My interpretation of this is that China has outlined its energy consumption goals for the period 2014 to 2020, but said nothing about the post 2020 period. However, this was reported very differently by others who decided to interpret the announcement as a cap on coal use by 2020. For example, the UNFCCC press release said;

The Chinese State Council also announced a new energy strategy action plan that includes ambitious measures to cap national coal consumption as early as 2020 at 4.2 billion tons, and reduce coal’s share of China’s primary energy mix to less than 62 percent by that same year.

The Climate Reality Project even had a small poster made to announce their interpretation of the plan;

China coal

Chinese coal use might peak in the medium term and emissions from coal will certainly have to peak before 2030 because of their announced INDC (national contribution) in-tandem with the announcement by the USA. But even then coal use may continue to grow if carbon capture and storage (CCS) can be successfully deployed at scale.

For me, the big announcement of the week is the proposed creation of a national carbon market to follow the regional trials now underway. Shanghai Daily reported the following;

China will open a nationwide carbon market in 2016 to help the government reduce emissions by 2030, the National Development and Reform Commission yesterday said in Beijing. Su Wei, an official at the climate change department under the NDRC, said he expected the market to be mature by 2020.

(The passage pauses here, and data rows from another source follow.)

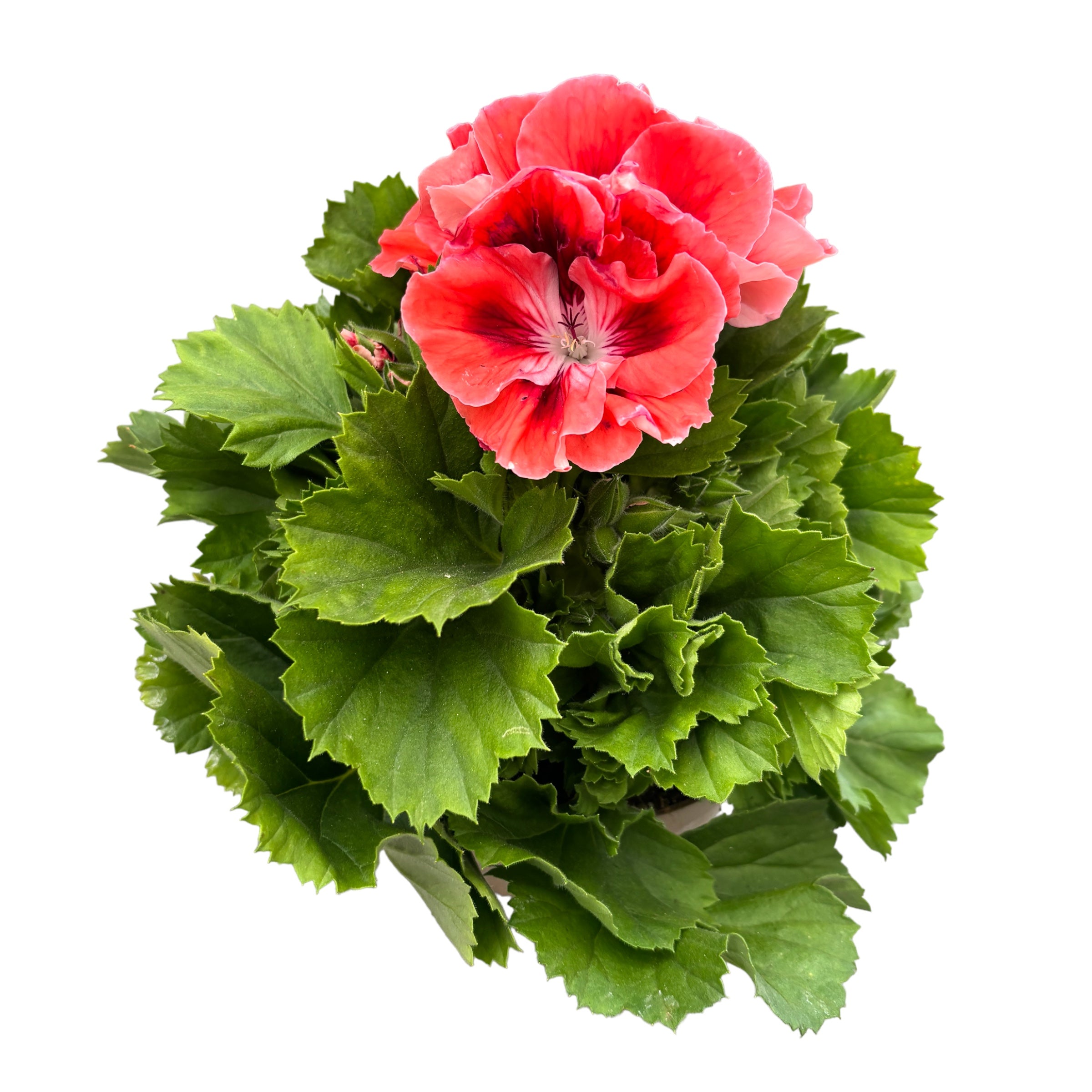 Pelargonium grandiflorum ‘Mandarin’ - Muscate englezesti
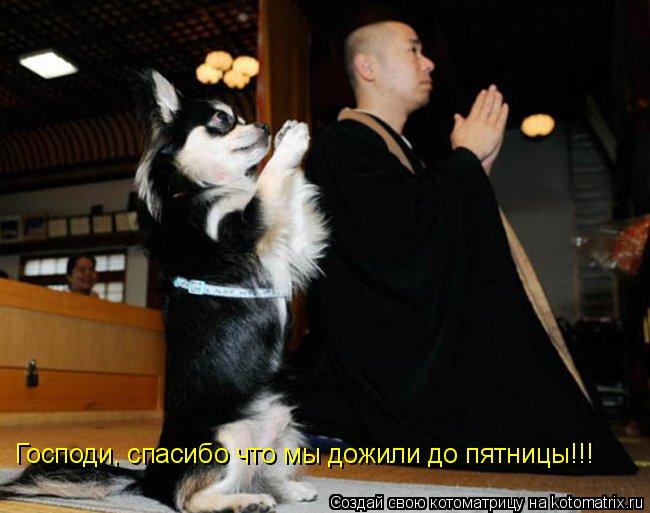 Господи, спасибо что мы дожили до пятницы!!!... Котоматрица: Господи, спасибо что мы дожили до пятницы!!!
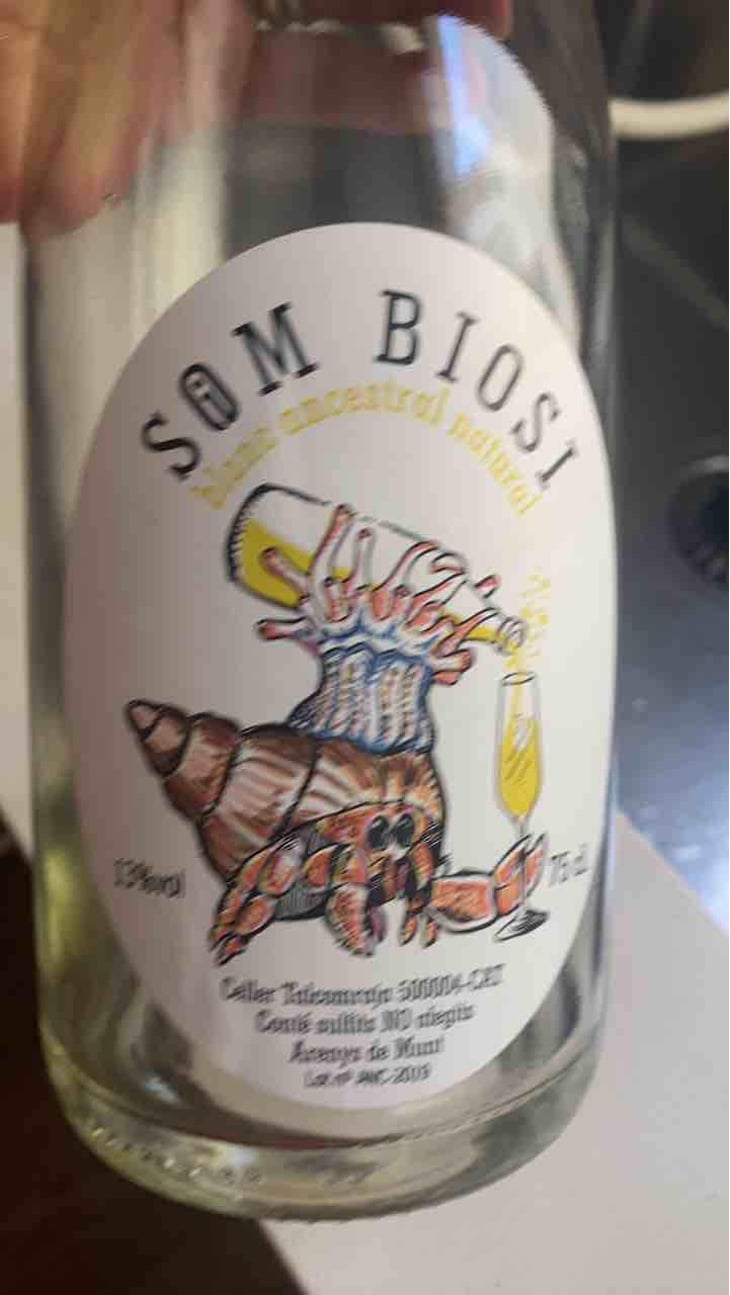 Som Biosi - Celler Talcomraja - Joan Munich Arranz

A robust and mature carbon market active throughout the 2020s could bring emissions from coal to a rapid standstill and even see them fall through fuel switching to natural gas and the deployment of CCS. Then it will be time to put up a poster.

Content Discussion

Joris van Dorp's picture
Joris van Dorp on December 4, 2014

Thanks for the reality check. Always usefull.

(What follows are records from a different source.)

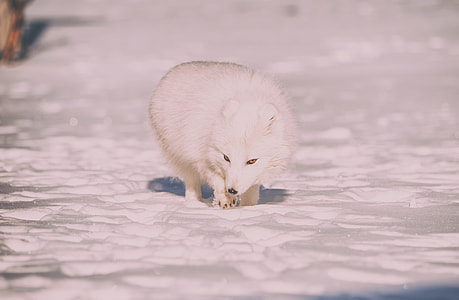 arctic fox during daytime thumbnail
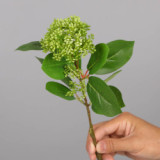 With fruit false leaves home furnishings green plant simulation succulent coral fruit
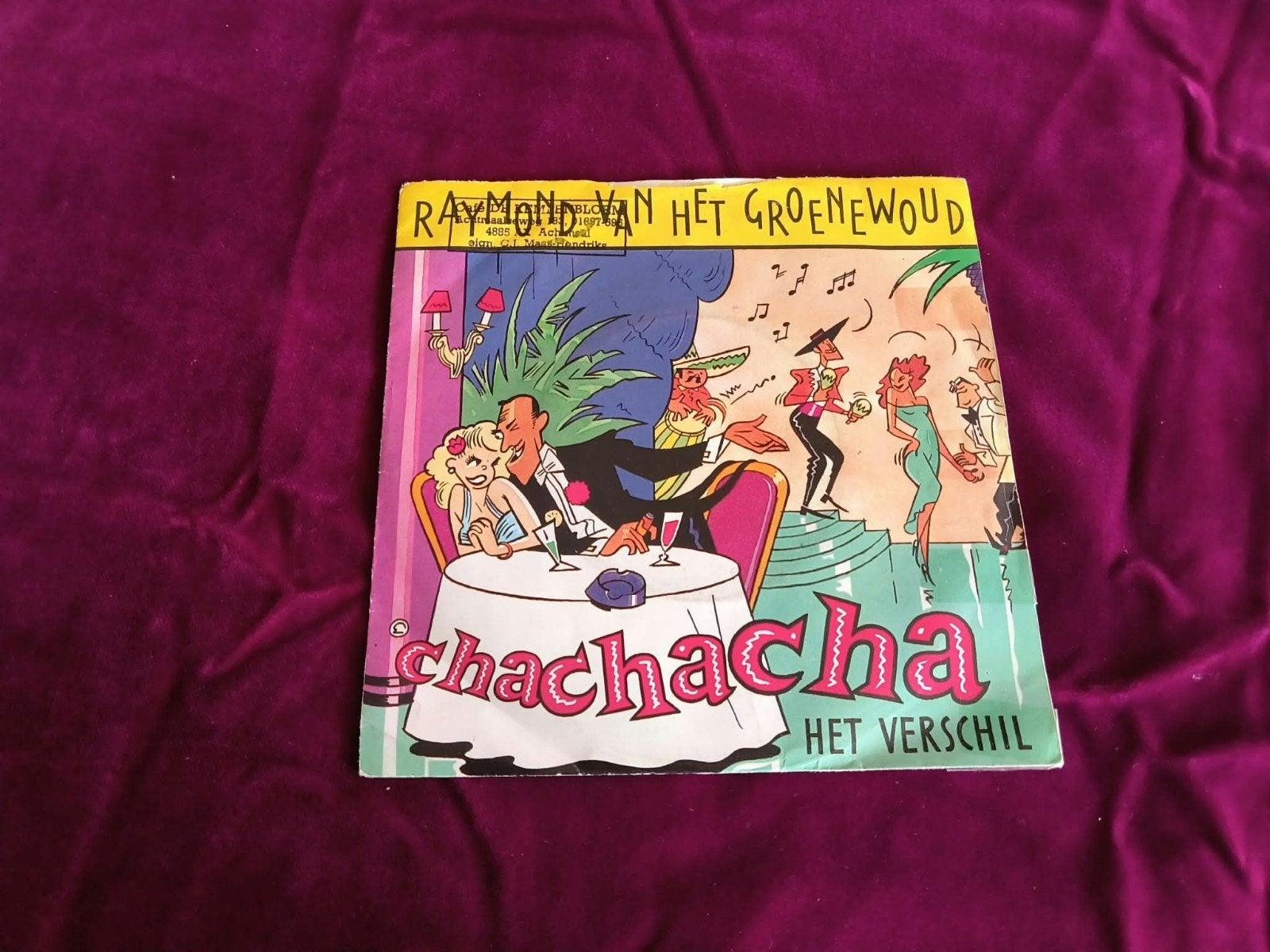 Raymond van het Groenewoud - Cha Cha Cha / Het Verschil, Cd's en Dvd's, Ophalen of Verzenden, Gebruikt, Nederlandstalig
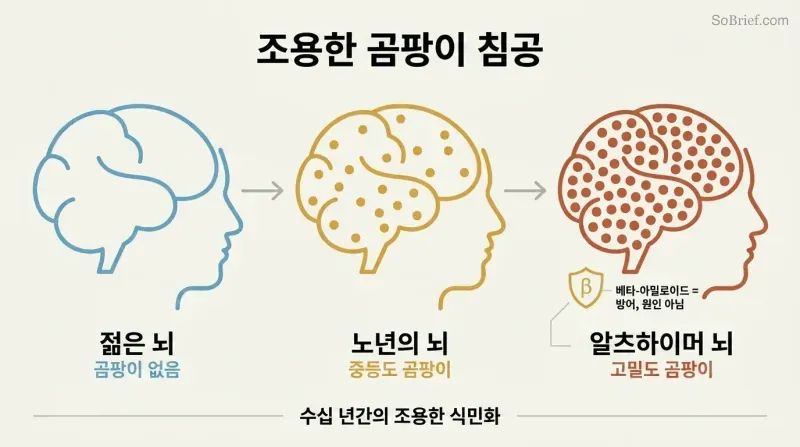 Three brain silhouettes in a left-to-right progression showing zero, moderate, and dense fungal colonization corresponding to young, elderly, and Alzheimer's brains.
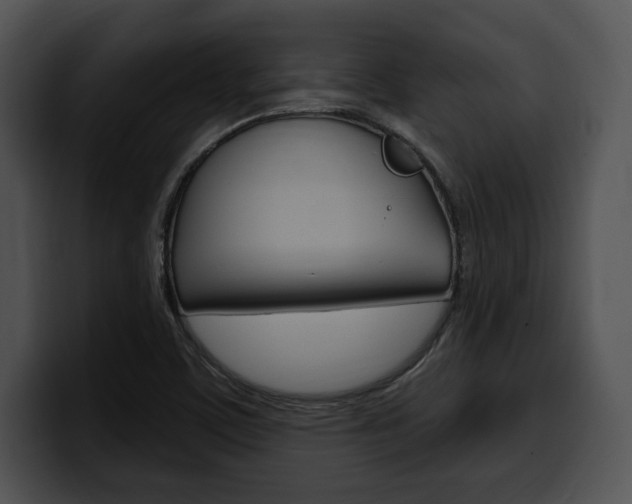 X0000100501459200806130720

AFAIK, China has been fitting – and will continue to fit – their existing coal power stations (the worst of which cause two orders of magnitude more air polution/kWh than modern coal plants in the West) with at least basic but increasingly advanced polution reduction measures (scrubbers and filters). New stations will have these as standard. This highlights the categorical difference between air pollution from coal power generation on the one hand, and co2 emissions from coal power generation on the other.

The Chinese clearly recognise and want to reduce the horrendous air pollution due to unmitigated coal burning, but this does not automatically mean that they will reign in coal usage per se. They can achieve large air pollution reductions simply by applying rather affordable and effective air polution reduction measures to existing plants. So to assume (as some seem to want to do) that the air pollution caused by coal burning in China will of itself induce China to move increasingly away from coal and thus reduce co2 emissions from coal, is not necessarily accurate.

Bob Meinetz's picture
Bob Meinetz on December 4, 2014

delete

Bob Meinetz's picture
Bob Meinetz on December 4, 2014

David, Americans generate twice as much carbon per capita as the Chinese.

The most distorted reality distortion field can be found in our mirrors.

Keith Pickering's picture
Keith Pickering on December 4, 2014

I see this as a simple apples-to-oranges error. The US-China climate deal sets out goals for 2030; but that is not formally related to the Chinese energy plan, which sets out goals to 2020. And yes, while there is a lot of wiggle-room here for what happens in the 2020-2030 period, I wouldn’t necessarily assume that China made the deal with the intent to cheat, or to be deceptive in what they’re planning.

The fact is that the Chinese recognize the air pollution problems in their own cities better than anyone, and they recognize that it is serious and needs to be solved, and further, they recognize that they can kill two birds with one stone by hooking that necessary change with a climate deal. They’re moving in the right direction from a policy standpoint, and that deserves praise, even if we’re not entirely sure at this point where that cap will end up in 2030.